Number of requested results 5 is greater than number of elements in index 3, updating n_results = 3


[['Pengfei playes lots of video games', 'Pengfei loves to eat appels, Pengfei loves to eat meats', 'Pengfei want to learn swimming']]
[[None, None, None]]


In [10]:
# Function to interact with the Ollama LLM
def query_ollama(prompt):
    """
    This function can send query to ollama llm model and retrive response.
    :param prompt:
    :return:
    """
    llm = OllamaLLM(model=llm_model)
    return llm.invoke(prompt)

In [11]:
# RAG pipeline: Combine ChromaDB and Ollama for Retrieval-Augmented Generation
def rag_pipeline(query_text: str):
    """
    This function implements the RAG pipeline.
    :param query_text:
    :return:
    """
    # Step 1: Retrieve relevant documents from ChromaDB
    retrieved_docs, metadata = query_chromadb(query_text)
    context = build_compact_context(retrieved_docs)
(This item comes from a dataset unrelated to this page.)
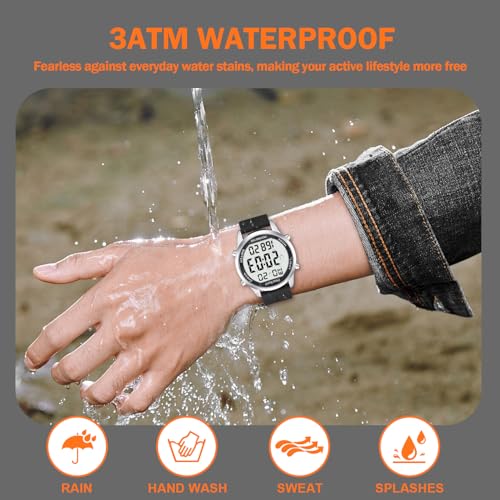 Pedometer Watch for Walking - Senior Step Counter - Black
    # Step 2: Send the query along with the context to Ollama
    augmented_prompt = f"Context: {context}\n\nQuestion: {query_text}\nAnswer:"
    print("######## Augmented Prompt ########")
    print(augmented_prompt)

    response = query_ollama(augmented_prompt)
    return response

In [12]:
# Example: Add sample documents to the collection
documents2 = [
    "Pengfei is a data scientist who works for CASD",
]
doc_ids2 = ["doc4"]

# Documents only need to be added once or whenever an update is required.
# This line of code is included for demonstration purposes:
add_documents_to_collection(documents2, doc_ids2)


In [13]:
# Example usage
# Define a query to test the RAG pipeline
query1 = ("who is Pengfei?")  # Change the query as needed
response1 = rag_pipeline(query1)
print("######## Response from LLM ########\n", response1)
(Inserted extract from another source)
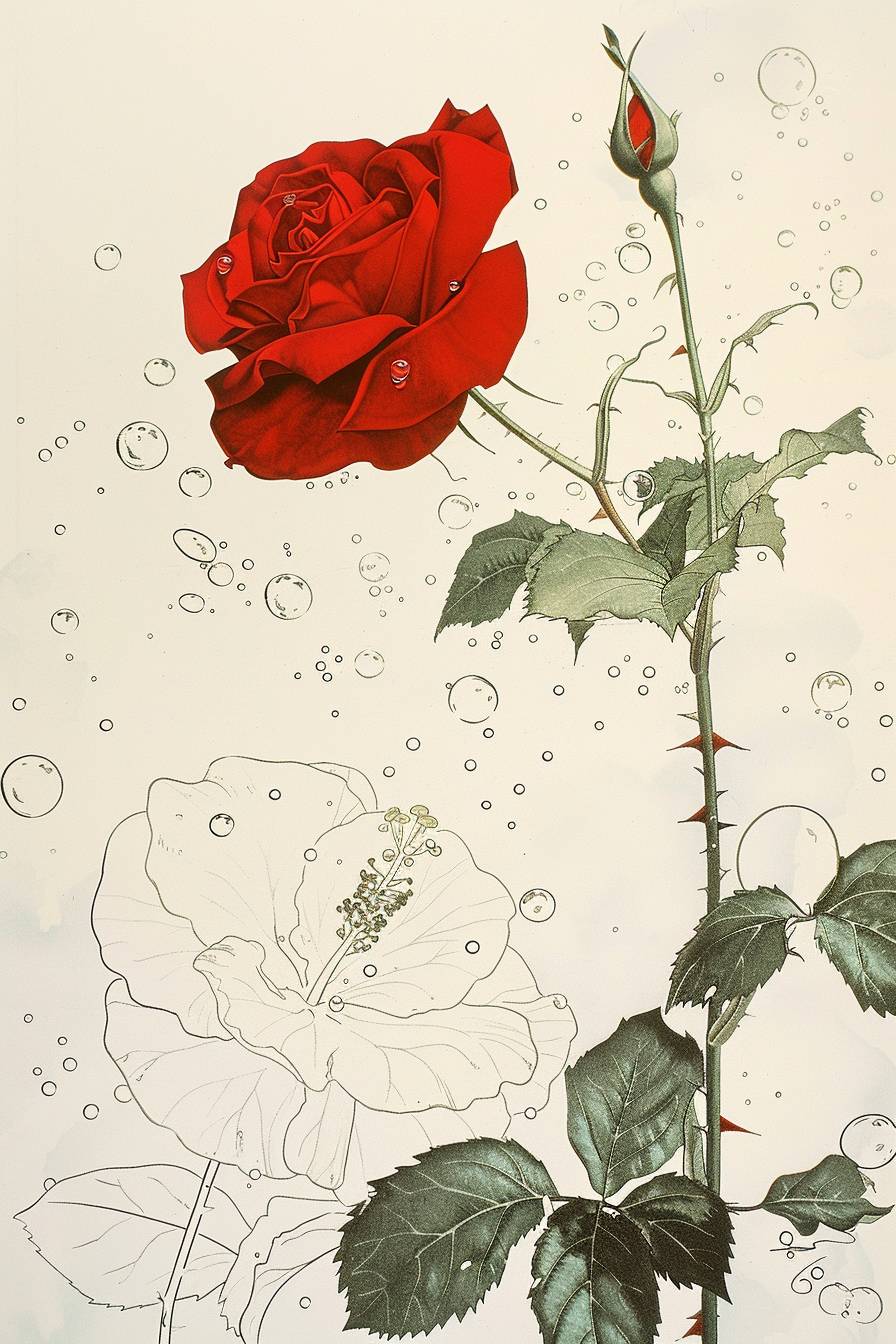 Border illustration with a blank center by Jean Giraud, whimsical, clean, 1970's drawing of a red rose crossing a white hibiscus, bubbles, heavy metal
Number of requested results 5 is greater than number of elements in index 4, updating n_results = 4


######## Augmented Prompt ########
Context: Pengfei playes lots of video games;Pengfei loves to eat appels, Pengfei loves to eat meats;Pengfei want to learn swimming;Pengfei is a data scientist who works for CASD

Question: who is Pengfei?
Answer:
######## Response from LLM ########
 Based on the context provided, it appears that "Pengfei" refers to an individual with several characteristics and interests. Here's what can be inferred:

1. **Gamer**: The person plays lots of video games.
2. **Fruit lover**: They enjoy eating apples.
3. **Meat enthusiast**: They have a preference for meats.
4. **Aspiring swimmer**: There is an interest in learning how to swim.
5. **Data scientist**: They work as a data scientist, specifically working at CASD (which stands for Computer Applications and Systems Division or similar, but more context would be ideal).

Without additional information about what "Pengfei" refers to directly (e.g., it's someone known personally), the most accurate response based

In [14]:
# Define a query to test the RAG pipeline
query2 = ("What Pengfei loves to do?")  # Change the query as needed
response2 = rag_pipeline(query2)
print("######## Response from LLM ########\n", response2)
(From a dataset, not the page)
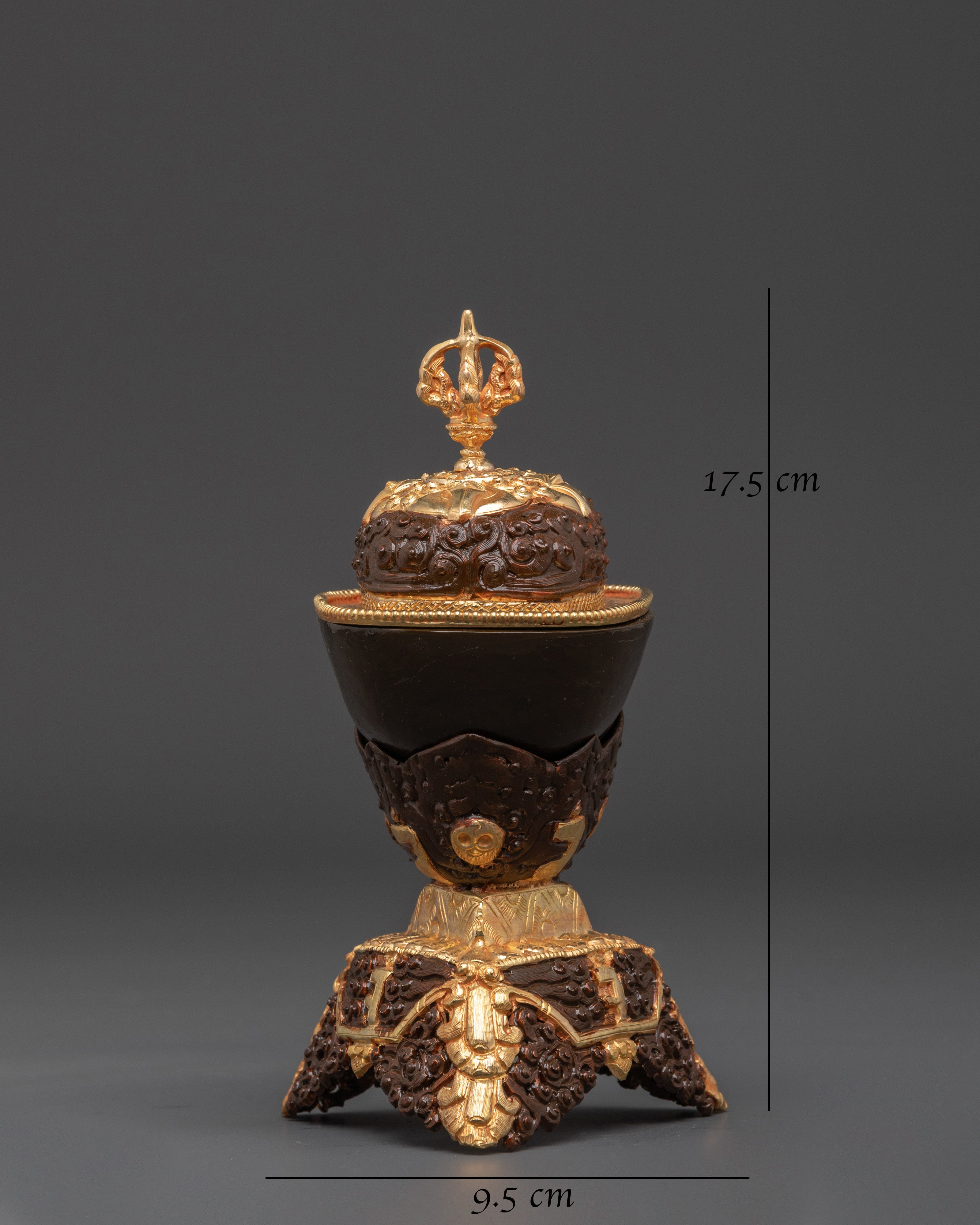 Tibetan Sacred Kapala Artifact | Handcrafted Gold Gilded Copper Ritual Cup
Number of requested results 5 is greater than number of elements in index 4, updating n_results = 4


######## Augmented Prompt ########
Context: Pengfei playes lots of video games;Pengfei loves to eat appels, Pengfei loves to eat meats;Pengfei want to learn swimming;Pengfei is a data scientist who works for CASD

Question: What Pengfei loves to do?
Answer:
######## Response from LLM ########
 It seems there are multiple things that Pengfei enjoys doing! 

Based on the provided context, here's what we can infer:

1. **Play video games**: It's mentioned that Pengfei plays lots of video games.
2. **Eat apples**: Pengfei loves to eat apples.
3. **Eat meats**: Another thing Pengfei loves to do is eat meats.

These are the specific activities/enjoyments that were explicitly stated in the context.